IBA: How did the organization evolve from there?
JT: I started by building an organization in Dayton. I was an independent agent at the time with a captive company and did a great job, so they gave me an opportunity to be a sales manager in Cincinnati. In Cincinnati, there were a few African Americans who were in the business, but there was no association. I said, ‘There's a group in Dayton; let's organize here in Cincinnati, and I'll go back and talk to the people in Dayton – maybe we can form two chapters.’
From the creation of that local association to the national association was 20 years. I honestly think a miracle happened that put us in the national spotlight, which hastened the development of the national organization. In the early ’80s, an issue in America at the time was redlining. At our first national conference, we addressed this concept. That conference got national attention, and a national insurance newspaper covered our conference and basically put it in the headline that a Black insurance group suggested that redlining is real in America – redlining [meaning] you draw a circle around the urban areas, and essentially they can't buy insurance in the area. Insurance is crucial to new development – you can't buy a house or buy a car without insurance. Redlining was an issue that prevented many people of color from purchasing homes.
At the end of the article, it said, “If you're interested in more information about the organization, call Jerald Tillman” and gave my phone number, which caught me off guard because I didn't know what type of reaction there would be.
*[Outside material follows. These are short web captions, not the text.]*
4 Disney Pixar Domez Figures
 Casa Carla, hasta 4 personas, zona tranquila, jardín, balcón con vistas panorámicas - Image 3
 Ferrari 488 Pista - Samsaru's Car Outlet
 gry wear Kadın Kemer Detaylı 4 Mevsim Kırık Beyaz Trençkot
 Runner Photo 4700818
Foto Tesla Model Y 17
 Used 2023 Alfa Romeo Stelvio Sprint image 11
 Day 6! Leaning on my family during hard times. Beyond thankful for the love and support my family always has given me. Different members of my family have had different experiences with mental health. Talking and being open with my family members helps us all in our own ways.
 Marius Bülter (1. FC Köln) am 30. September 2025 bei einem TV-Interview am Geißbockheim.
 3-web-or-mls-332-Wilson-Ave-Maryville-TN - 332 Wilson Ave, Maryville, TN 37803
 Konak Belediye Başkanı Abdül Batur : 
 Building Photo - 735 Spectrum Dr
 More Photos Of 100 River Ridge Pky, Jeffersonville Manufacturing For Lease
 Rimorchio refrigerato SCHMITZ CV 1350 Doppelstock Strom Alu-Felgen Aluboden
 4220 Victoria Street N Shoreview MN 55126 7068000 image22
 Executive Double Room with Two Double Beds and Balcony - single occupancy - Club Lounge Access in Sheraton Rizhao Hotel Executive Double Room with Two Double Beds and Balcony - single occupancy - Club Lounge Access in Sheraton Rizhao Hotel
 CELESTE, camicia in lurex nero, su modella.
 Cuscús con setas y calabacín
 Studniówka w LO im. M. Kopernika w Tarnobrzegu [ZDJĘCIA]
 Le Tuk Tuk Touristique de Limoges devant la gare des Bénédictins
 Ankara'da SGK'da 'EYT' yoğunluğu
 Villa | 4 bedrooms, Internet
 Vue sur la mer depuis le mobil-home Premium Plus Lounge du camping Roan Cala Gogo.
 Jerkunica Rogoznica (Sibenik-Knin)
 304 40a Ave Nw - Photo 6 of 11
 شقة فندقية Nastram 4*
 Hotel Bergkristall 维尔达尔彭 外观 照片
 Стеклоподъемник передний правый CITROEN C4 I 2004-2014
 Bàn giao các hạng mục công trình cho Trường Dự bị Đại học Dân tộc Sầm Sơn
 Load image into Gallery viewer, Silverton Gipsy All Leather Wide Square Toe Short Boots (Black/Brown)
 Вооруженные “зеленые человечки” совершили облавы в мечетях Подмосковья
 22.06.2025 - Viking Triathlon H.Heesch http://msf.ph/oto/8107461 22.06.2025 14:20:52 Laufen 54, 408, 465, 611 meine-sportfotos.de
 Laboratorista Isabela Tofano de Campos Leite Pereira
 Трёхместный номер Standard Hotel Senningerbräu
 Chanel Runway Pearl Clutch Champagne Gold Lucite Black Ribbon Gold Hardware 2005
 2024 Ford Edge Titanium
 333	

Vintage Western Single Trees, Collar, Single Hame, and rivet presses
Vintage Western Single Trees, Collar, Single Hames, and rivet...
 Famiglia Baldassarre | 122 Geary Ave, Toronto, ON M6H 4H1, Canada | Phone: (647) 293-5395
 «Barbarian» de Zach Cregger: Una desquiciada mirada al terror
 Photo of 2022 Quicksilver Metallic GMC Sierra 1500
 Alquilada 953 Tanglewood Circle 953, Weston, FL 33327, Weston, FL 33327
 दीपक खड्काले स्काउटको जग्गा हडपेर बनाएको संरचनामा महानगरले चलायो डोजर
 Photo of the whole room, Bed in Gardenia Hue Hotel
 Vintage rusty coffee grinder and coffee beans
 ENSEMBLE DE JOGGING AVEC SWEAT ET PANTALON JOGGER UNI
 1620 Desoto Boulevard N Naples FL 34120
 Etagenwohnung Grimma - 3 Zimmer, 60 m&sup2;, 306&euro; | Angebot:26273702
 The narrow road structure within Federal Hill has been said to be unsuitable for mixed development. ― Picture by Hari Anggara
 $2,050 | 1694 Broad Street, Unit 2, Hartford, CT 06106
But after that, my phone was ringing off the hook. People from all over the country were calling [to ask me to] come help them build a chapter in their city.
I stress the fact that our focus is on African American talent development, entrepreneurship and agency development, but anybody can join our organization. Our ideal is to increase the numbers of African Americans in the insurance industry, and that's a wealth of talent that can increase corporate profits, that's a wealth of talent in terms of agency ownership and business development, and that's what we're charged to do as an organization.
IBA: Since founding NAAIA, how have you seen diverse representation evolve in insurance?
JT: The insurance industry is very slow to change. We have diversity and inclusion professionals who are NAAIA members and represent many of the largest insurance corporations in the United States, so we are on the front lines, and there's been progress. However, we have to maintain this commitment to diversity in order to maintain the progress that has been made in the past and to continue the progress moving forward. It's still very challenging, and we're prepared for that challenge.